As ideias feitas não tangem a consistência deste blog; mas a matéria. Isso significa que elas se constituem nos pontos de partidas de cada seção (por isso, cada seção tem como título a própria ideia feita). E isso também significa que não se trata de negar as ideias vindas do senso comum (sobretudo, da crônica esportiva), mas de lidar com elas; fazê-las variar, já que, por hábito, os envolvidos preferem conservá-las.

quinta-feira, 8 de setembro de 2011

Vencemos graças a Deus!

Eis uma contradição: no discurso religioso cristão, prega-se a fraternidade; porém, a partir do momento em que um jogador de futebol (supostamente, amarrado ao discurso corrente) diz que venceu “graças a Deus”, está, ao mesmo tempo, afirmando que a derrota do adversário também aconteceu “graças a Deus”; afinal, se houve um vencedor é por que houve, na mesma situação, um perdedor. Diante disso, pode-se concluir que, se Deus contribuiu na vitória, é porque, do outro lado, deixou de contribuir ou agiu negativamente.

(Uma maneira recorrente de fugir dessa contradição, é a estratégia de lançar mão de uma ideia (feita) vinda do mais chato dos sensos comuns, a auto-ajuda: “o que vale é competir, todos somos vitoriosos!”. Ainda assim, tal estratégia não tem sentido e coerência no contexto em que o jogador de futebol faz uso da expressão “graças a Deus”, afinal, sabe-se que essa expressão é usada, precisamente, ao final de uma partida em que o clube, que esse jogador representa, sai vitorioso e deixa como rastro alguns indivíduos com o rótulo de “derrotados”!)

A contradição fica ainda mais complicada se se levar em consideração que, segundo o mesmo discurso religioso, Deus é essencialmente Bom; ou seja, independentemente da situação, Deus é sempre Bom. Como pode Deus fazer o Bem para um clube de futebol se esse Bem implica, no mesmo gole, o Mal para outras pessoas?

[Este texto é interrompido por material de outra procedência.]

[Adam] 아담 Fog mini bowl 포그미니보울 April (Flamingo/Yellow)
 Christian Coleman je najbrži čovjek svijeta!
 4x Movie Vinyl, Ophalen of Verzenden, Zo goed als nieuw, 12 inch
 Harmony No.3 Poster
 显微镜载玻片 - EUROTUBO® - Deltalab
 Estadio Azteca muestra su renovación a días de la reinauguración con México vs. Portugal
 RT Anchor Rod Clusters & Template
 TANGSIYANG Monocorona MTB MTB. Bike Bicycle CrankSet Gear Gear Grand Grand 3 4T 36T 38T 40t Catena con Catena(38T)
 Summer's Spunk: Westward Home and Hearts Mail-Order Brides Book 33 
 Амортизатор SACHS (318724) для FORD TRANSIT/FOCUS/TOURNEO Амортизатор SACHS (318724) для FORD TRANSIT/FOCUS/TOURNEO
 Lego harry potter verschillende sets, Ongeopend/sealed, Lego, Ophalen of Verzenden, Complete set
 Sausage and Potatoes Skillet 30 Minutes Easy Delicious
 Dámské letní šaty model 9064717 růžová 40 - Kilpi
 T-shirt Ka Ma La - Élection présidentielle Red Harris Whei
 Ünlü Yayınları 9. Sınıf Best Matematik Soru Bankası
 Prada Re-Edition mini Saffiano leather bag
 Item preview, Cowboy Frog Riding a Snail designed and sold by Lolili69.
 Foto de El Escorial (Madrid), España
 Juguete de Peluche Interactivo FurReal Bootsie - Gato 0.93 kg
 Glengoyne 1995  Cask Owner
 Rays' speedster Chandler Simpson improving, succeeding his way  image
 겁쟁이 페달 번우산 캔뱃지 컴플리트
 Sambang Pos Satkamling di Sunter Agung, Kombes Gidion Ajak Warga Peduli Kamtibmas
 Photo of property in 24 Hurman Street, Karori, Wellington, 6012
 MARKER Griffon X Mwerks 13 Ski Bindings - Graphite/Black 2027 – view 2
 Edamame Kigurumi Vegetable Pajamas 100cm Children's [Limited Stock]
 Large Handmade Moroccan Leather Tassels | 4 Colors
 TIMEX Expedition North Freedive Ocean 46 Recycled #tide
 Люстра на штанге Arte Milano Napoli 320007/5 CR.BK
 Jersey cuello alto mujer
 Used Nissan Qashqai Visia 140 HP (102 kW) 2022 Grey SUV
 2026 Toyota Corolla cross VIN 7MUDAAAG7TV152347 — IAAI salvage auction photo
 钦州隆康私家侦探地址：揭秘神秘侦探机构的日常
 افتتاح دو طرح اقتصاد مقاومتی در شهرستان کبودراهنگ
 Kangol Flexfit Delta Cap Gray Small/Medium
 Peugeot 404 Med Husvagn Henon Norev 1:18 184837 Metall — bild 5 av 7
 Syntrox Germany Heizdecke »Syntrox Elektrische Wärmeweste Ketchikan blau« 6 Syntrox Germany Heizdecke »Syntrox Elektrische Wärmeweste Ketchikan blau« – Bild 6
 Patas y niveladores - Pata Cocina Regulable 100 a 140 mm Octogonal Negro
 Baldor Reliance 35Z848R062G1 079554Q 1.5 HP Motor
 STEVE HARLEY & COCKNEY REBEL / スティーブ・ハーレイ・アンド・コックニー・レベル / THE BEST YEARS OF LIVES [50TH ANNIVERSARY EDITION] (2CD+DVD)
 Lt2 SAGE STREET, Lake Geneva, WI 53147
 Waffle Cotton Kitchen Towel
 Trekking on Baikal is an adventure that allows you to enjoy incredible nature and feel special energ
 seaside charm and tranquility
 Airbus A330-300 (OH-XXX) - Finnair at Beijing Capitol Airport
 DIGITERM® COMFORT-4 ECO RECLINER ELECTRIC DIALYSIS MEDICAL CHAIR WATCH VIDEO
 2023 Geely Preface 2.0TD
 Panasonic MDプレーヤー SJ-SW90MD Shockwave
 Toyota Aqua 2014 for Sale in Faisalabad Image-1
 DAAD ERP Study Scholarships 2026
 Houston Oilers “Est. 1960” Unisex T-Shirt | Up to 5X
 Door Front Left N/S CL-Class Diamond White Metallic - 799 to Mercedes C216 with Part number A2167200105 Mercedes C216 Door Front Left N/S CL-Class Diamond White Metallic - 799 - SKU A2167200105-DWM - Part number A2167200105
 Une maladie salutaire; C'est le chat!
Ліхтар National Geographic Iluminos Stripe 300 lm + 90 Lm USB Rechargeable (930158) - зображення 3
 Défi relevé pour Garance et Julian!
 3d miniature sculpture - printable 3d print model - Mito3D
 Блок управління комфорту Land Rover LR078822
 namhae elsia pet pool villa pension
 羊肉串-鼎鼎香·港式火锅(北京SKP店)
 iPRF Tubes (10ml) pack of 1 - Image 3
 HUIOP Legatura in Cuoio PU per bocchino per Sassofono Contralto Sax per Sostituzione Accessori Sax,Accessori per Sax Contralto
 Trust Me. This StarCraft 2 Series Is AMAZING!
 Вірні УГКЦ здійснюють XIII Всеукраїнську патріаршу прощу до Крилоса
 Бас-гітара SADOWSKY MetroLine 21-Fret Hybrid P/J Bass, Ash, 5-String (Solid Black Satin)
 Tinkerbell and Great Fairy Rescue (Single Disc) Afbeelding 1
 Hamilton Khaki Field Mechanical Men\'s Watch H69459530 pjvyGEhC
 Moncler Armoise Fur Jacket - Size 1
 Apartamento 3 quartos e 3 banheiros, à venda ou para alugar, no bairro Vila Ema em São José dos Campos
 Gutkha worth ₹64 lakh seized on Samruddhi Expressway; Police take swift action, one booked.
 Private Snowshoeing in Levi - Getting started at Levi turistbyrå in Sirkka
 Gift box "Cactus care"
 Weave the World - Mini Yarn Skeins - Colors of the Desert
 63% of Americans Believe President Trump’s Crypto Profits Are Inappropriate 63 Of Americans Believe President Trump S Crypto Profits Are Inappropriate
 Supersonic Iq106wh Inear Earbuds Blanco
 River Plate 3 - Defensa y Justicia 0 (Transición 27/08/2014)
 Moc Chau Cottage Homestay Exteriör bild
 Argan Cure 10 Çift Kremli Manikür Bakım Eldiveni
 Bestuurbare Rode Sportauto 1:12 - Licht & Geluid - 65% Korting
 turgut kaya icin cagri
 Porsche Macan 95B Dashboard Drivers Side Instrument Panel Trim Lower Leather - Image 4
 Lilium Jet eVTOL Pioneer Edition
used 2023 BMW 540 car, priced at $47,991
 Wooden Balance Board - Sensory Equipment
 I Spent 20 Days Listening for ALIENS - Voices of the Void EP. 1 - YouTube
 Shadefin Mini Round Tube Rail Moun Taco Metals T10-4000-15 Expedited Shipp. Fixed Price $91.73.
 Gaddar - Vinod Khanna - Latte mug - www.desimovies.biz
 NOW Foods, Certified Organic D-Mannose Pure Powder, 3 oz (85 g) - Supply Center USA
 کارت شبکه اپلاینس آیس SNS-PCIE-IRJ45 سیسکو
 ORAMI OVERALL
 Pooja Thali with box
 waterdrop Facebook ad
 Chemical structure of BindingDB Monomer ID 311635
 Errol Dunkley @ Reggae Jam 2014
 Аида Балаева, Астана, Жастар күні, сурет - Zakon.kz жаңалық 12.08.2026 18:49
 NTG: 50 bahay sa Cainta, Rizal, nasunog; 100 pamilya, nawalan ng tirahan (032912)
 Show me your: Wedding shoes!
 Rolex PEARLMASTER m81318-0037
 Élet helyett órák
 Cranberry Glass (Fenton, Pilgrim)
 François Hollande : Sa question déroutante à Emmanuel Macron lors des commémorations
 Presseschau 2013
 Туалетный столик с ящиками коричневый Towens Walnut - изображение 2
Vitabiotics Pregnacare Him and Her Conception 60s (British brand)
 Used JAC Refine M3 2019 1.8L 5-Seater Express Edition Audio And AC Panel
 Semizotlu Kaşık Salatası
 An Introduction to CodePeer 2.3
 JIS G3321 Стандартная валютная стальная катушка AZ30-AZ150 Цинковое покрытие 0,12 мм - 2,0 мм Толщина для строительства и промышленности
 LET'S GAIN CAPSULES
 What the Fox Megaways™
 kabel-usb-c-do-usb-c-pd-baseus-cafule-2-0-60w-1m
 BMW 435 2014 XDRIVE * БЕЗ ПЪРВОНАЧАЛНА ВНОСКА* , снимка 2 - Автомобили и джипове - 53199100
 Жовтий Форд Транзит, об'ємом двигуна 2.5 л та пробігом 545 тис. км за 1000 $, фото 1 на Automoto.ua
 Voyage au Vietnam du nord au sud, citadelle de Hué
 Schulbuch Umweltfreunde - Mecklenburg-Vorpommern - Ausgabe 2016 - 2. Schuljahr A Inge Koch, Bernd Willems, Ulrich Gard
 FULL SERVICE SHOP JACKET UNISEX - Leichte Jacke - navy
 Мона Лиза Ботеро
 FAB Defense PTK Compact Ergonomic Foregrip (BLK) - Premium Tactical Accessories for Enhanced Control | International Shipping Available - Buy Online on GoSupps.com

Ainda que se diga que esses argumentos não estão considerando que uma derrota não, necessariamente, é Má, ou que se está entendendo o “Bem” e o “Mal” num sentido moral, isso somente acontece em função da ideia feita em questão (“vencemos graças a Deus!”) ser proferida apenas em situações que, tradicionalmente, são reconhecidas como Boas (em situações que a derrota é sim considerada algo indesejável); ou seja, essa ideia feita é encontrada no registro do moralismo e, justamente por isso, é tomada nesse registro.

Vejam bem, o problema levantado nesta seção não está, como pode parecer aos moralistas, no fato da comemoração de alguns implicar no desgosto de outros. O problema está no fato de haver contradição no âmago da ideia feita. Pois não é este texto que afirma que Deus é sempre Bom, mas é o jogador que, ao mesmo tempo em que se alia ao discurso do “essencialmente Bom” e da “fraternidade”, agradece "aos céus" por estar acontecendo algo a outros indivíduos; um algo que ele mesmo reconhece como sendo da ordem das coisas que “não desejamos para ninguém”: a dor, o sofrimento, o desgosto etc.